[Records for the exercise — start]

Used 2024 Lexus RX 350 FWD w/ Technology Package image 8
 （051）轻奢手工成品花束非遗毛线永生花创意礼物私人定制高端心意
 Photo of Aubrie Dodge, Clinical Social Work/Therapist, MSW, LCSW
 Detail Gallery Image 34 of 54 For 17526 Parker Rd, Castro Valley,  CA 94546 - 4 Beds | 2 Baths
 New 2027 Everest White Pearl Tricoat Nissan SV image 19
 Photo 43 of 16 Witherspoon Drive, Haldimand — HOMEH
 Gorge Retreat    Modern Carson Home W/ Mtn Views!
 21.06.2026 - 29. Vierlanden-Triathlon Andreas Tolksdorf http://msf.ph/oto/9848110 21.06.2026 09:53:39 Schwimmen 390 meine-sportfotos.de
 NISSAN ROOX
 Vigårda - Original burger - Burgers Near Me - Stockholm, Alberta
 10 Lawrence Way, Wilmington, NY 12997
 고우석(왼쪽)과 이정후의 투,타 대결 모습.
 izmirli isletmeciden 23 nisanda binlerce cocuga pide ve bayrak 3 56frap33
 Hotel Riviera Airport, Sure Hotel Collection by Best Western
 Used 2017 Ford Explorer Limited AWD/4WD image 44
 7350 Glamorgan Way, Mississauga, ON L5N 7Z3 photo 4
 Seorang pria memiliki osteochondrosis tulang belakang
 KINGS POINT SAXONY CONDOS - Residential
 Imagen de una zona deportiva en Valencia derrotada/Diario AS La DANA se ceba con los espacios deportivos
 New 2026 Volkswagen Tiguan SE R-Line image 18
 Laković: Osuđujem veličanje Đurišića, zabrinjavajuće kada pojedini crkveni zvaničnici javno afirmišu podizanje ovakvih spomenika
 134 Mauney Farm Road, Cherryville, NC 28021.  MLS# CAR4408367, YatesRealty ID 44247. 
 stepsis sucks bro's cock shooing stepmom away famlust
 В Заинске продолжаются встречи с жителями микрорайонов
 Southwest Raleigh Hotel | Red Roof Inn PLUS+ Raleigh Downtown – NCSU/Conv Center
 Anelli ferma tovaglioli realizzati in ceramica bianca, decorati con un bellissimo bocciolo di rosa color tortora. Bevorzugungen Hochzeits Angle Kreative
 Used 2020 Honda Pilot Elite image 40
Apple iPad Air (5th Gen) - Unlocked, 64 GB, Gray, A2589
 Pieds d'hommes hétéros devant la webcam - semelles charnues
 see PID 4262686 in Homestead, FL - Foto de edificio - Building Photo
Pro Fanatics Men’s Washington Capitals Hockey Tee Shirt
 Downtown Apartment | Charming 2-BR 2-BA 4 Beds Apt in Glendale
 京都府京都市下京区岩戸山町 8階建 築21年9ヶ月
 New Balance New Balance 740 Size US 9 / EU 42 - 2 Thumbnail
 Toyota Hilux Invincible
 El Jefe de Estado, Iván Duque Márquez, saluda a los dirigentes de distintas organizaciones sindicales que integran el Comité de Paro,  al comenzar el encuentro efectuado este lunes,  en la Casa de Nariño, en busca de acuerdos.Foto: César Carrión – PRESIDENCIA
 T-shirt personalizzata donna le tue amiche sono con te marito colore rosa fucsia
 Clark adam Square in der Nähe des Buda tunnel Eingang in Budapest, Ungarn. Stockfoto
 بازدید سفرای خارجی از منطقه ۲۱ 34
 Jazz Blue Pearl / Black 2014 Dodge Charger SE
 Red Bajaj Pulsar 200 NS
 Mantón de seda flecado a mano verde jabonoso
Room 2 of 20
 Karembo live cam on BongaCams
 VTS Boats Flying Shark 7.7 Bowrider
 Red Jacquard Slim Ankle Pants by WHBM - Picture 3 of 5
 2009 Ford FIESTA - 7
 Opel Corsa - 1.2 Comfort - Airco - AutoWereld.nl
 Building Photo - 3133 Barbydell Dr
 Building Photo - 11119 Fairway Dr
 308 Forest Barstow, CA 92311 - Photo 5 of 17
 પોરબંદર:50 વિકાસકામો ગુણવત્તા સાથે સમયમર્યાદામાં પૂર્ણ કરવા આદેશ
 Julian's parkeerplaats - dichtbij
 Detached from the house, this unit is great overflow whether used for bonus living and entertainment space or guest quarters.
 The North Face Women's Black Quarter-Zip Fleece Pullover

[Records for the exercise — finish]

_Exercise brief_. Copy the data exactly as it was presented.

_Solution for this problem_.
Used 2024 Lexus RX 350 FWD w/ Technology Package image 8
 （051）轻奢手工成品花束非遗毛线永生花创意礼物私人定制高端心意
 Photo of Aubrie Dodge, Clinical Social Work/Therapist, MSW, LCSW
 Detail Gallery Image 34 of 54 For 17526 Parker Rd, Castro Valley,  CA 94546 - 4 Beds | 2 Baths
 New 2027 Everest White Pearl Tricoat Nissan SV image 19
 Photo 43 of 16 Witherspoon Drive, Haldimand — HOMEH
 Gorge Retreat    Modern Carson Home W/ Mtn Views!
 21.06.2026 - 29. Vierlanden-Triathlon Andreas Tolksdorf http://msf.ph/oto/9848110 21.06.2026 09:53:39 Schwimmen 390 meine-sportfotos.de
 NISSAN ROOX
 Vigårda - Original burger - Burgers Near Me - Stockholm, Alberta
 10 Lawrence Way, Wilmington, NY 12997
 고우석(왼쪽)과 이정후의 투,타 대결 모습.
 izmirli isletmeciden 23 nisanda binlerce cocuga pide ve bayrak 3 56frap33
 Hotel Riviera Airport, Sure Hotel Collection by Best Western
 Used 2017 Ford Explorer Limited AWD/4WD image 44
 7350 Glamorgan Way, Mississauga, ON L5N 7Z3 photo 4
 Seorang pria memiliki osteochondrosis tulang belakang
 KINGS POINT SAXONY CONDOS - Residential
 Imagen de una zona deportiva en Valencia derrotada/Diario AS La DANA se ceba con los espacios deportivos
 New 2026 Volkswagen Tiguan SE R-Line image 18
 Laković: Osuđujem veličanje Đurišića, zabrinjavajuće kada pojedini crkveni zvaničnici javno afirmišu podizanje ovakvih spomenika
 134 Mauney Farm Road, Cherryville, NC 28021.  MLS# CAR4408367, YatesRealty ID 44247. 
 stepsis sucks bro's cock shooing stepmom away famlust
 В Заинске продолжаются встречи с жителями микрорайонов
 Southwest Raleigh Hotel | Red Roof Inn PLUS+ Raleigh Downtown – NCSU/Conv Center
 Anelli ferma tovaglioli realizzati in ceramica bianca, decorati con un bellissimo bocciolo di rosa color tortora. Bevorzugungen Hochzeits Angle Kreative
 Used 2020 Honda Pilot Elite image 40
Apple iPad Air (5th Gen) - Unlocked, 64 GB, Gray, A2589
 Pieds d'hommes hétéros devant la webcam - semelles charnues
 see PID 4262686 in Homestead, FL - Foto de edificio - Building Photo
Pro Fanatics Men’s Washington Capitals Hockey Tee Shirt
 Downtown Apartment | Charming 2-BR 2-BA 4 Beds Apt in Glendale
 京都府京都市下京区岩戸山町 8階建 築21年9ヶ月
 New Balance New Balance 740 Size US 9 / EU 42 - 2 Thumbnail
 Toyota Hilux Invincible
 El Jefe de Estado, Iván Duque Márquez, saluda a los dirigentes de distintas organizaciones sindicales que integran el Comité de Paro,  al comenzar el encuentro efectuado este lunes,  en la Casa de Nariño, en busca de acuerdos.Foto: César Carrión – PRESIDENCIA
 T-shirt personalizzata donna le tue amiche sono con te marito colore rosa fucsia
 Clark adam Square in der Nähe des Buda tunnel Eingang in Budapest, Ungarn. Stockfoto
 بازدید سفرای خارجی از منطقه ۲۱ 34
 Jazz Blue Pearl / Black 2014 Dodge Charger SE
 Red Bajaj Pulsar 200 NS
 Mantón de seda flecado a mano verde jabonoso
Room 2 of 20
 Karembo live cam on BongaCams
 VTS Boats Flying Shark 7.7 Bowrider
 Red Jacquard Slim Ankle Pants by WHBM - Picture 3 of 5
 2009 Ford FIESTA - 7
 Opel Corsa - 1.2 Comfort - Airco - AutoWereld.nl
 Building Photo - 3133 Barbydell Dr
 Building Photo - 11119 Fairway Dr
 308 Forest Barstow, CA 92311 - Photo 5 of 17
 પોરબંદર:50 વિકાસકામો ગુણવત્તા સાથે સમયમર્યાદામાં પૂર્ણ કરવા આદેશ
 Julian's parkeerplaats - dichtbij
 Detached from the house, this unit is great overflow whether used for bonus living and entertainment space or guest quarters.
 The North Face Women's Black Quarter-Zip Fleece Pullover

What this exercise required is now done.